MATHEWS KABAMBA, Kitwe
WHILE money may mean happiness to some couples, it has brought about untold misery for John Phiri, a Kitwe husband who now wants to divorce his wife of 13 years.
Before Kitwe local court senior magistrate Frederick Ndhlovu was Phiri who sued his wife Susan Mwila for divorce owing to the never ending disputes over their salaries.
Phiri told the court that the couple tied the knot in 2004, but have never lived in marital bliss despite having two children together.
“My wife has a problem. I have never seen a person who is stingy with money like my wife. Whenever she gets paid, she becomes a problem.
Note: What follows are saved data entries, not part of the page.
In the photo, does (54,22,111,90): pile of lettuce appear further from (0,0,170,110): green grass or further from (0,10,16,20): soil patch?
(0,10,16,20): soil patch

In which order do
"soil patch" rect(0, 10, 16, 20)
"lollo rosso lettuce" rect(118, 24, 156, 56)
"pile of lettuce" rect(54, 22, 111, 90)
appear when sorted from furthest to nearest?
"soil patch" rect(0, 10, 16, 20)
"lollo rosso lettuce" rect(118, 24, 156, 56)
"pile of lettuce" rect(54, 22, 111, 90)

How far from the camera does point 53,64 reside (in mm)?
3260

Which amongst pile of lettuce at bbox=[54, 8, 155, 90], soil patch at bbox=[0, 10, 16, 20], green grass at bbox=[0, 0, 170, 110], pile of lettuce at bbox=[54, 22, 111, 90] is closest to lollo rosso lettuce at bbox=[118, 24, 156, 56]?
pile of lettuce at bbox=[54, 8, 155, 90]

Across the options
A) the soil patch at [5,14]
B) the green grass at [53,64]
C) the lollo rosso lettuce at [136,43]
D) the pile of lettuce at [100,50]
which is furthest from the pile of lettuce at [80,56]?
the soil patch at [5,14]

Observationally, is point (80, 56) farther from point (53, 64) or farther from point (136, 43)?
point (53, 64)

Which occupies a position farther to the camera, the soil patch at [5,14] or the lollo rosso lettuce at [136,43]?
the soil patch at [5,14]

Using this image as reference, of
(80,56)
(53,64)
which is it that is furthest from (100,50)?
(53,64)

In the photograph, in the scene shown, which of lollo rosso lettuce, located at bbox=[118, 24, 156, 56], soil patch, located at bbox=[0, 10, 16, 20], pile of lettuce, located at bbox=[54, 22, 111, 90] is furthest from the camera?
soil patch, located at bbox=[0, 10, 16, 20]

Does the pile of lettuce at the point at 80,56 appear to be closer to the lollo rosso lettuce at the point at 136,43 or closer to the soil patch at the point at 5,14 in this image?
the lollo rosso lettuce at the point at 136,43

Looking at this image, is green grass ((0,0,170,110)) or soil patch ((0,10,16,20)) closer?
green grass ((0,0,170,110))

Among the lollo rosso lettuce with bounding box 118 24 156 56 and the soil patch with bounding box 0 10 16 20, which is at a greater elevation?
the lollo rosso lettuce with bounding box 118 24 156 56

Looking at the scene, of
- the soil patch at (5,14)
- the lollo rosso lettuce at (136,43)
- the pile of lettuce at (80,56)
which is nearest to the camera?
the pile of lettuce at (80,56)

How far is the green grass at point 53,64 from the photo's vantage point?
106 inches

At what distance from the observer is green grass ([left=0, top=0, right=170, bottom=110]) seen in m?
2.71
She doesn’t want us to sit as a couple and make a budget together.
“She never buys anything, even basic things like books for kids among others. When I try to talk to her about it, she says I am the one who married her so I should provide everything,” Phiri said.
He told the court that he is tired of living with such a wife and he asked the court to grant him divorce.
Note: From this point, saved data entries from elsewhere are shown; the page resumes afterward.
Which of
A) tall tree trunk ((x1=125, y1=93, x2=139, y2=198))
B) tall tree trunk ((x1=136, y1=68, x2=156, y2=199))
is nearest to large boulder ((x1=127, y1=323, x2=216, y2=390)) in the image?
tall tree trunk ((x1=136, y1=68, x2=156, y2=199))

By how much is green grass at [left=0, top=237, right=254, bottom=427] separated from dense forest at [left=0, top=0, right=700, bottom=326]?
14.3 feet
In her defence, Mwila laughed off Phiri’s claims saying he is two times stingier than her.
“If I am stingy, then he [Phiri] is two times worse than me. He also has a problem of reporting every dispute to his relatives before we can sit and talk it over as a couple,” Mwila said.
And in passing judgement, magistrate Ndhlovu turned divorce into reconciliation, stating that the two should not let money ruin their marriage.
“Money can be a blessing and a curse, depending on how you handle it, there is no need for you to fight over money; learn to sit together and plan as a family whenever you have money,” he said.